Black holes in Sol minore

TL;DR

This paper explores five-dimensional gauged supergravity black holes with Sol and nil geometry horizons, analyzing their equations of motion, thermodynamics, nonexistence of certain solutions, and the attractor mechanism for extremal cases.

Contribution

It provides explicit solutions for Sol horizon black holes, proves a no-go theorem for supersymmetric solutions, and studies the attractor mechanism in non-BPS extremal black holes with anisotropic horizons.

Findings

Explicit Sol horizon black hole solutions derived.

No supersymmetric solutions with Sol-invariant horizons exist.

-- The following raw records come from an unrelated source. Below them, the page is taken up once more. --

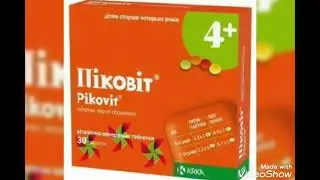 Pikovit siropi qo'llanilishi dozalari haqida ma'lumot. Пиковит сиропи кулланилиши хақида Малумот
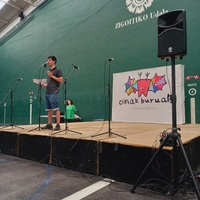 Arabako Eskolarteko Bertsolari Txapelketa 2022 - 14 urtetik beherakoen topaketetako finala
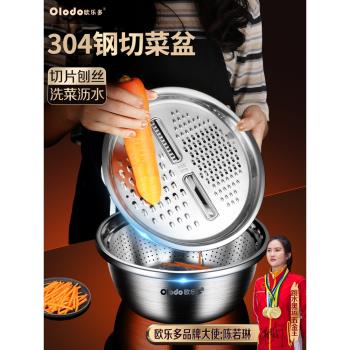 切菜盆多功能食品級304不銹鋼刨絲盆盤蔬菜蘿卜擦絲片刨絲器神器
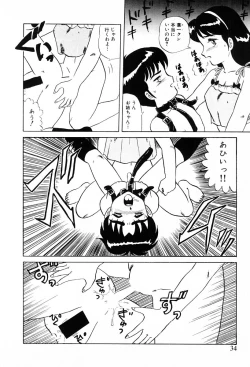 Page 32 of Tenshi-tachi wa Tomaranai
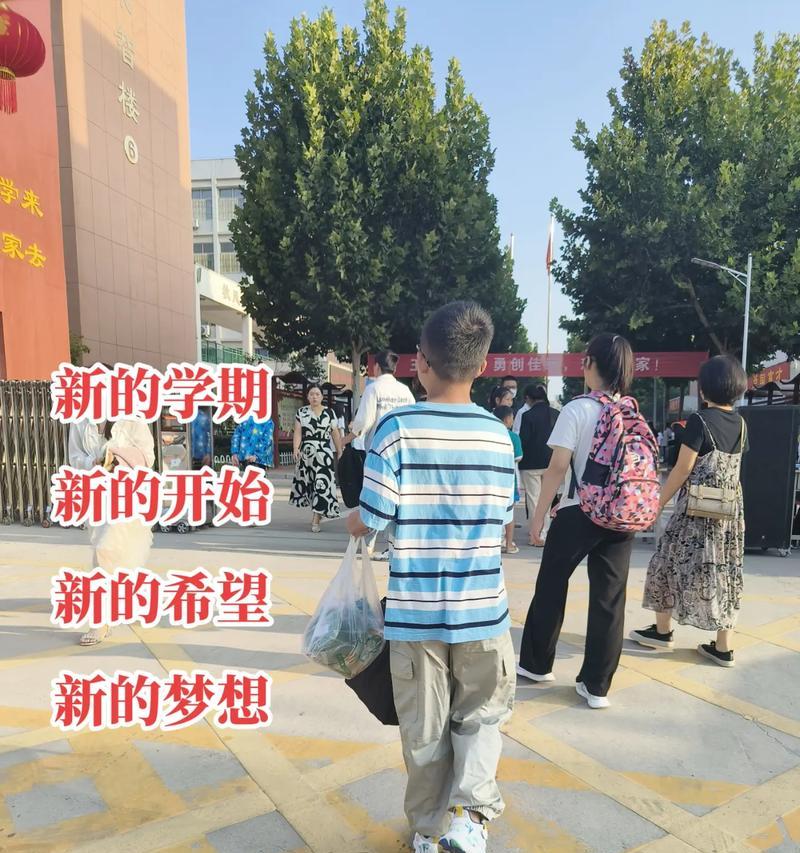 开心假期的小故事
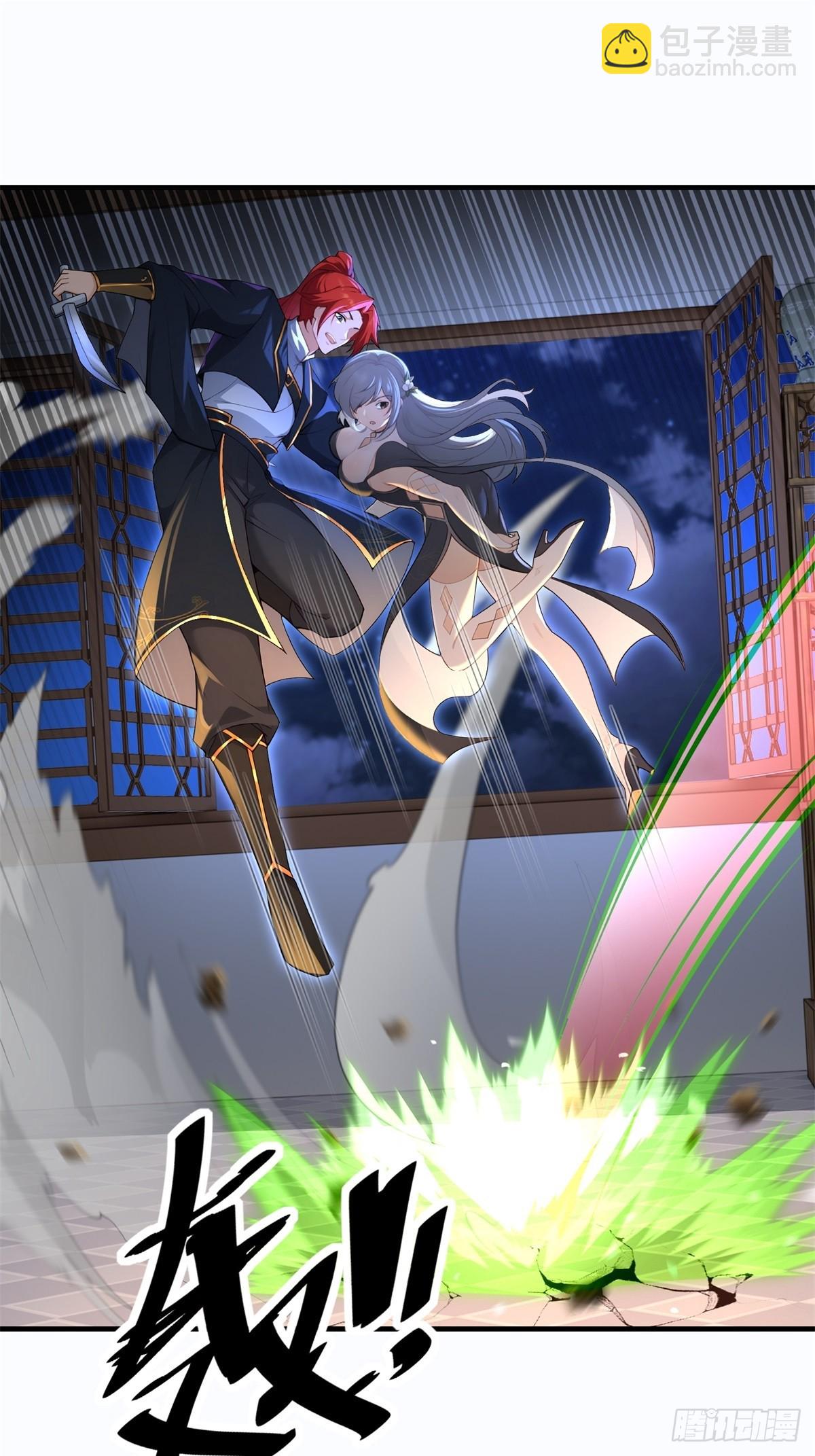 第107话  就不告诉你(1/2)-第108话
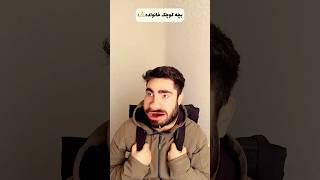 هوش و ذکاوت در مدرسه😂 [upl. by Lamoureux55]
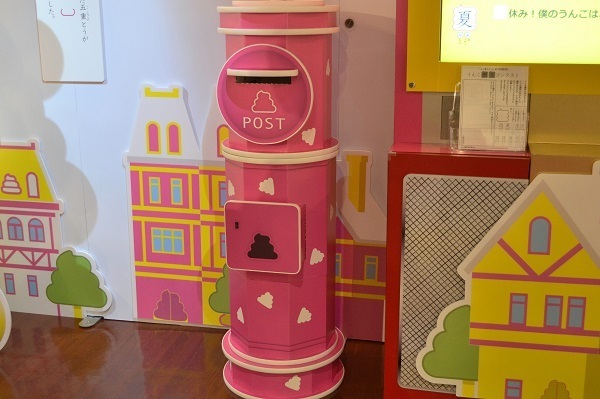 うんこのオンパレード！『あつまれ！うんこ漢字タウン』に行ってみた！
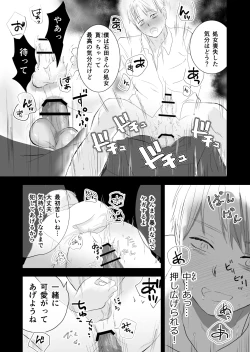 Page 38 of 女殴ってそう系人外男子に生真面目秘書がわからせられる話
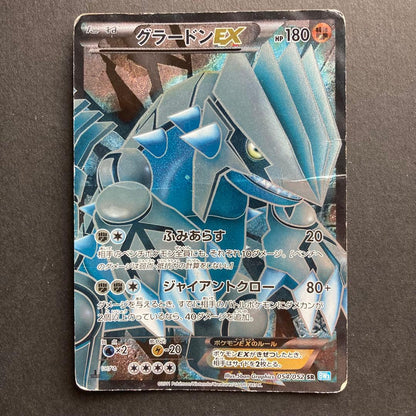 Pokemon Groudon ex SR — BW Expansion Pack Hail Blizzard 054/052 — Japanese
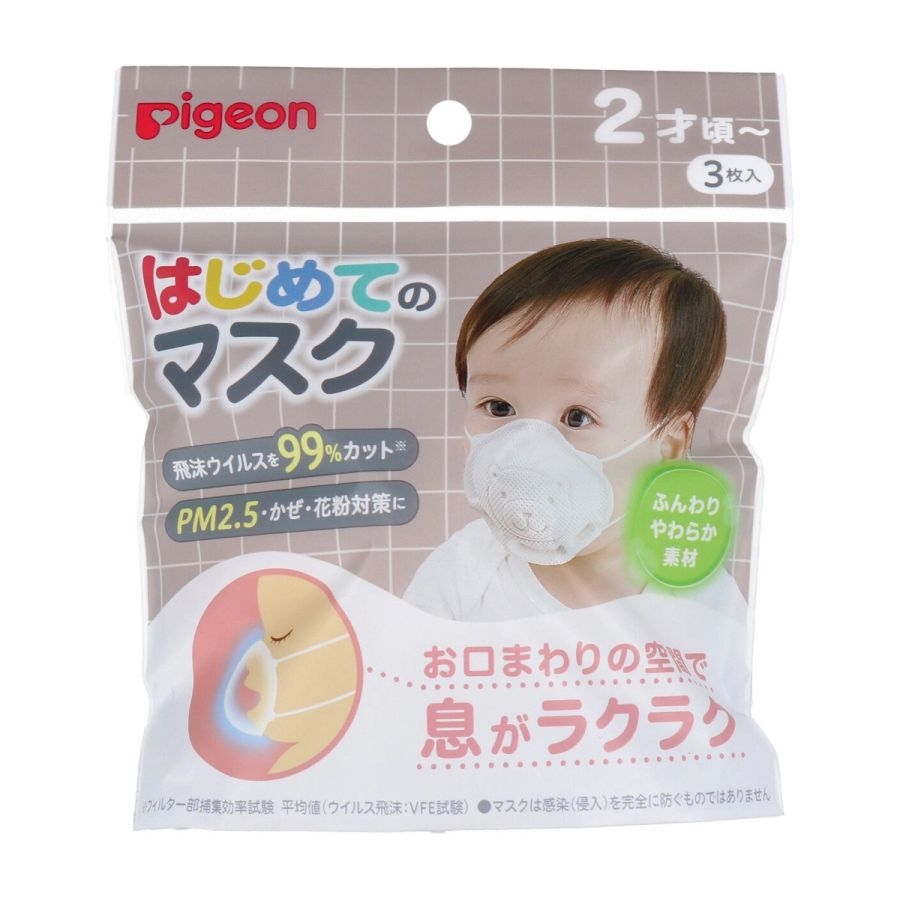 Khẩu trang gấu Pigeon cho bé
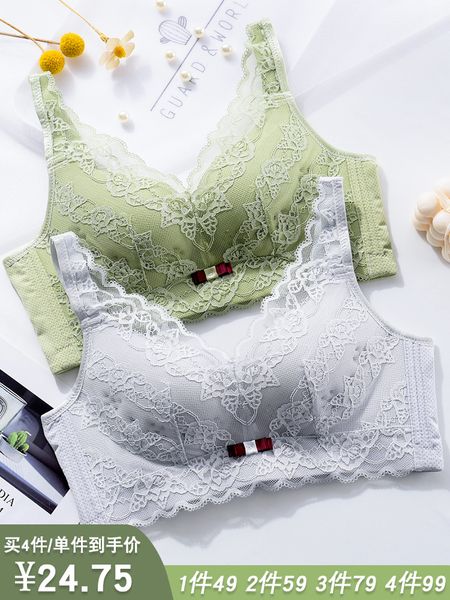 с небольшим и без провисания бюстгальтера, White
с небольшим и без провисания бюстгальтера, White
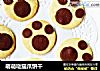 萌萌哒猫爪饼干的做法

Attractor geometries exist for magnetic but not electric extremal black holes.

Abstract

We consider black holes in five-dimensional $N=2$ $\text{U}(1)$-gauged supergravity coupled to vector multiplets, with horizons that are homogeneous but not isotropic. We write down the equations of motion for electric and magnetic ans\"atze, and solve them explicitely for the case of pure gauged supergravity with magnetic $\text{U}(1)$ field strength and Sol horizon. The thermodynamics of the resulting solution, which exhibits anisotropic scaling, is discussed. If the horizon is compactified, the geometry approaches asymptotically a torus bundle over AdS$_3$. Furthermore, we prove a no-go theorem that states the nonexistence of supersymmetric, static, Sol-invariant, electrically or magnetically charged solutions with spatial cross-sections modelled on solve\-geometry. Finally, we study the attractor mechanism for extremal static non-BPS black holes with nil- or solvegeometry horizons. It turns out that there are no such attractors for purely electric field strengths, while in the magnetic case there are attractor geometries, where the values of the scalar fields on the horizon are computed by extremization of an effective potential $V_{\text{eff}}$, which contains the charges as well as the scalar potential of the gauged supergravity theory. The entropy density of the extremal black hole is then given by the value of $V_{\text{eff}}$ in the extremum.